Türkiye’de yerli kömüre dayalı santrallerin elektrik talebini karşılamada yetersiz kaldığı ve rüzgar santrallerinin kömürlü termik santralleri geride bıraktığı tespit edildi. 

Enerji Günlüğü - Düşünce kuruluşu EMBER'in Türkiye’deki yerli kömür santrallerinin baz yük potansiyelini mercek altına aldığı raporu, rüzgar enerjisinin yerli kömür santrallerini ikame edebileceğini ortaya koyuyor. Türkiye’de bulunan yerli kömür kurulu gücünün kesintisiz elektrik sağlamaktan uzak olduğunu ve rüzgar santrallerinin kapasite kullanım oranının bazı yerli kömür santrallerinden daha yüksek olduğunu gösteriyor.

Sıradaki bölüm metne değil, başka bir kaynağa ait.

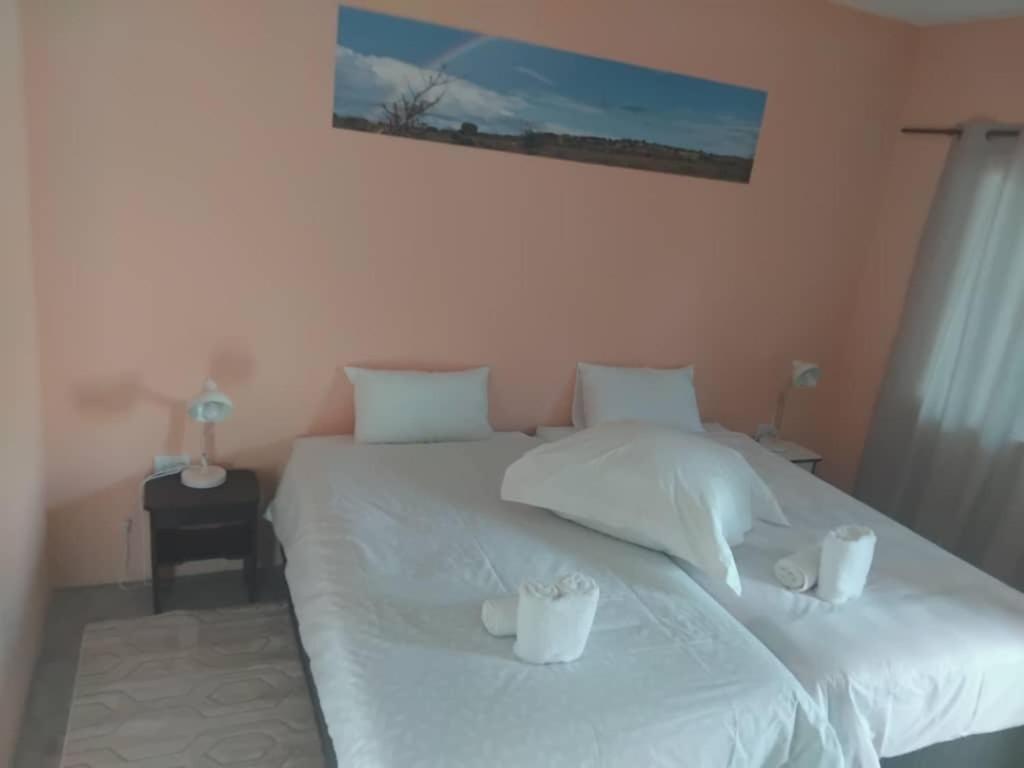 The Farmhouse Boutique Guesthouse And Beergarden Cc Outjo Zewnętrze zdjęcie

Raporda, yerli kömürün kapasite kullanım oranı ortalama yüzde 48 olarak gerçekleşirken, ithal kömürde bu oran yüzde 71 ve yerli bir kaynak olan rüzgarda ise bu oran yüzde 34 olarak hesaplandı. Toplamda 4 GW’tan fazla kurulu güce sahip termik santralin, kapasitelerinin yüzde 50 altında çalıştığı görüldü. Bazı yerli kömür santrallerinde bu oranın yüzde 16’ya kadar düştüğü görülürken rüzgar santrallerinin kömürlü termik santralleri geride bıraktığı tespit edildi. Rüzgar santrallerinin yaklaşık beşte birinin yüzde 40’tan fazla kapasite kullanım oranı ile çalıştığı hesaplandı. En düşük orana sahip 10 kömürlü termik santralin tamamını ise yerli kömür santralleri oluşturdu.

Diğer yandan, emre amade kapasite oranını yüzde 75’in üzerinde tutabilen sadece üç yerli kömür santrali olurken, yerli kömüre dayalı santrallerin ortalama olarak ancak yarı kapasitelerinin kullanılabildiği görüldü. Diğer bir ifadeyle, incelenen 10,4 GW yerli kömür kurulu gücünün yalnızca 5,4 GW’lık kısmının elektrik üretimine hazır durumda olduğu görüldü.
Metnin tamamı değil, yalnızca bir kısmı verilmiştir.